The whole loop fits in one picture, and it’s worth studying because two things that prose leaves abstract become concrete the moment you see them on a timeline: the iteration, and the fact that execute lives server-side.

%%{init: {'themeCSS': '.messageText, .messageText tspan { font-size: 19px !important; } .noteText, .noteText tspan { font-size: 16px !important; } .actor { font-size: 17px !important; } .loopText, .loopText tspan { font-size: 15px !important; }'} }%%
sequenceDiagram
  participant Client
  participant Handler as Route handler
  participant Model
  Client->>Handler: user message
  Note over Handler: streamText({ tools, stopWhen })
  Handler->>Model: prompt
  loop until final text — or stopWhen fires
    Model->>Handler: tool call (getInvoiceById)
    Note over Handler: validate args vs inputSchema<br/>run execute() server-side<br/>DB access lives here, org-scoped
    Handler->>Model: tool result appended, call model again
  end
  Model->>Handler: final text
  Note over Handler: onFinish fires
  Handler->>Client: toUIMessageStreamResponse()

The agentic loop. execute runs inside the route handler, never on the model’s side, and stopWhen caps how many times the loop comes back around.

Before moving on, rebuild the loop from memory. Reconstructing the order yourself sticks far better than reading it again.

Order the steps of a single chat turn that uses a tool, from the user's message to the final reply.

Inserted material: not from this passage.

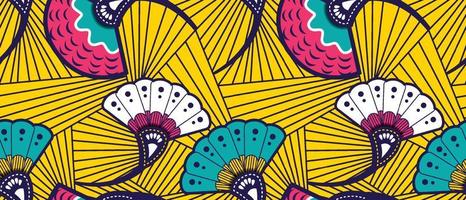 Afrikaanse etnische traditionele gele patroon. naadloze mooie kitenge, chitenge, nederlandse wasstijl. modevormgeving in kleurrijk. botanisch abstract motief. bloemen ankara prints, Afrikaanse wax prints.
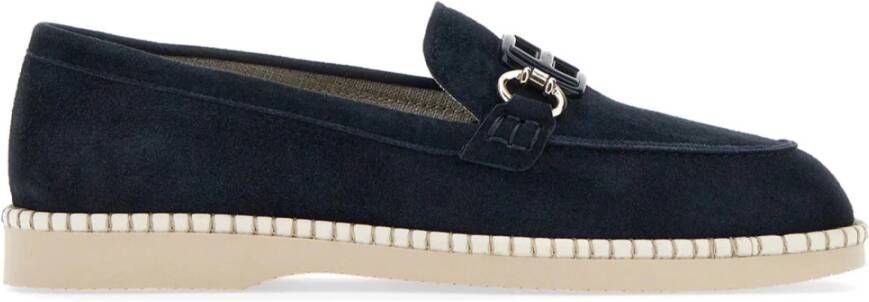 Hogan Klassieke Suede Moccasin Loafers Blue Dames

Drag the items into the correct order, then press Check.

The user’s message reaches the route handler

The model emits a tool-getInvoiceById call

The SDK validates the call’s arguments against inputSchema

execute runs server-side and queries the organization’s invoice

The tool result is appended and the model is called again

The model returns final text and onFinish fires

Stop conditions beyond a step cap

stepCountIs(n) is the workhorse, and most of the time it’s all you reach for. Two other shapes exist for the cases it doesn’t cover.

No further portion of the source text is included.